• Assignment: The data that follows should be copied out exactly.
═════ Given data ═════
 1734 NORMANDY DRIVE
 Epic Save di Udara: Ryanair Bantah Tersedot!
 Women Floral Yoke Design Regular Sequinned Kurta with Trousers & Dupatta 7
═════
• Result of this task:
 1734 NORMANDY DRIVE
 Epic Save di Udara: Ryanair Bantah Tersedot!
 Women Floral Yoke Design Regular Sequinned Kurta with Trousers & Dupatta 7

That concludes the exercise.